Part 2 - Active Learning and Learning Strategies.

 

In Part II of our Future of Jobs Dialogic Panel series, we look at the second highest skill highlighted by the World Economic Forum as being essential for future-readiness - Active Learning and Learning Strategies. 

 

Learning Strategies

The WEF describes "Learning strategies" as "Capacities for teaching others how to do something, including selecting and using training/instructional methods and procedures appropriate for the situation when learning or teaching new things."

This interpretation emphasises 'teaching others how to do things', which assumes that someone doing the teaching knows how to do the thing being taught. This is NOT the case with innovation, emergent learning, team learning, etc. - all of which are increasingly important in an increasingly uncertain and unpredictable world.

Learning strategies within the WEF report are akin to models of situational leadership, in which people are promoted to positions of authority simply because of their technical expertise, directing, supporting, coaching and delegating according to the relative technical skills of their subordinates. While this was an effective model in the industrial age, it is unsuited to the complex cross-functional teamwork of the digital age, and will hinder the possibility of organisations developing future-fit cultures of innovation, agility and adaptiveness.

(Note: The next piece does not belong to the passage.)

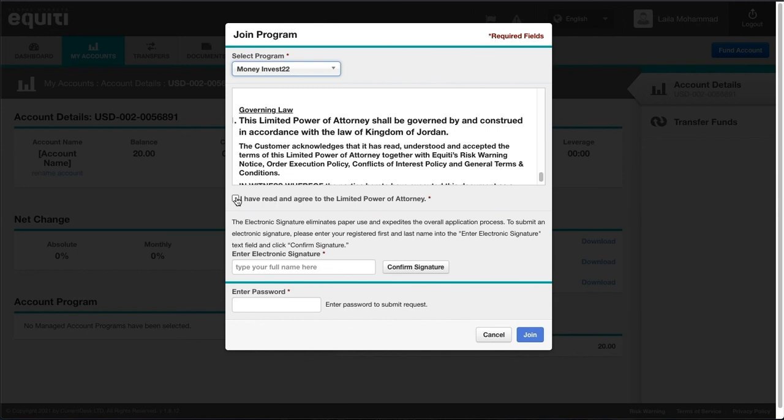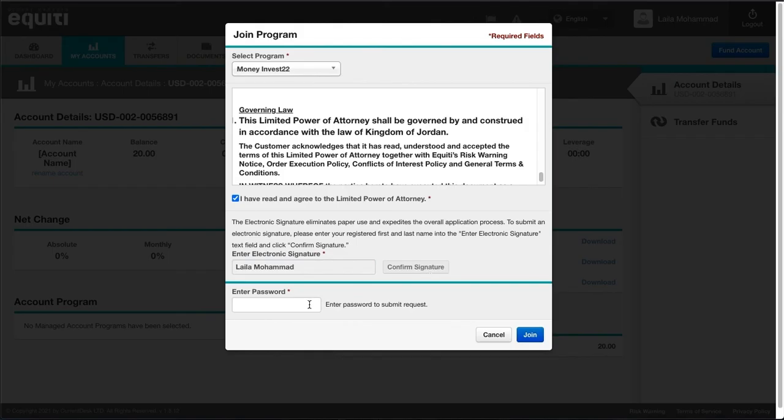Click on I have read and agreed on the LPOA. Type in your full name as shown on the client portal. Confirm your signature.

We will explore how contemporary learning strategies require more interaction, experimentation, collaboration and iteration than traditional models, and how organisations might implement such strategies today. 

 

Active Learning

In further exploring this provocation, we will look at the WEF’s second highlighted concept - active learning - and suggest it is only a partial solution to the need for effective organisational learning. Research has clearly indicated that effective, real-world learning is only possible if it includes both active and passive learning components.

  • Active learning, in which learners explore well-formed concepts and tasks, improves problem solving capabilities, attention and memory. 
  • If passive learning is absent or badly implemented, and learners are unable to understand the concepts and tasks, then subsequent self-directed learning and discussions will be poor. 
  • Passive-first-active-second learning produces higher levels of accuracy in learning, and results in less time spent on training and a more efficient exploration of a subject.

We will discuss the efficacy of spending ¼ of the time on passive learning - listening to people explain and explore their topic of expertise-  and ¾ on active learning - dialogic activity in which people discuss the topic in small, deeply engaging groups. 

We will explore how interleaving, contextual cues, deliberate distractions and interruptions, and percolation can enhance the learning experience. 

Our panellists:

Geoff Marlow is an EQ Lab Global Faculty member with 35 years experience helping organisations throughout Europe, Asia and the US to create future-fit cultures, where sense making, decision making and action taking are ever more tightly coupled, rapidly and repeatedly iterated, deeply embedded, and widely distributed throughout the organisation. He is centrally involved in the organisation learning movement, and has served on the Global Leadership Team of Peter Senge’s Society for Organisational Learning.

Dr Richard Claydon is the Chief Cognitive Officer of EQ Lab, an extended intelligence laboratory and cognitive gym accelerating people’s abilities in the behavioural dimensions of future-ready work at scale, and the designer of the Dialogic Innovation and Learning System. He designed and teaches the leadership module for Macquarie Business School’s future-focused Global MBA (ranked #6 worldwide by CEO Magazine), a pioneering digital MBA program combining micro-learning, podcasting, videos, blogs, live discussions and traditional academic texts in the learning journey.

Moderator

Dr Gemma Jiang is the founder and Director of Organisational Innovation at the Swanson School of Engineering at the University of Pittsburgh. She bridges the "knowing-doing gap” between complexity leadership research and organisational practices via creating enabling conditions for emergence and innovation in transdisciplinary learning and dialogue.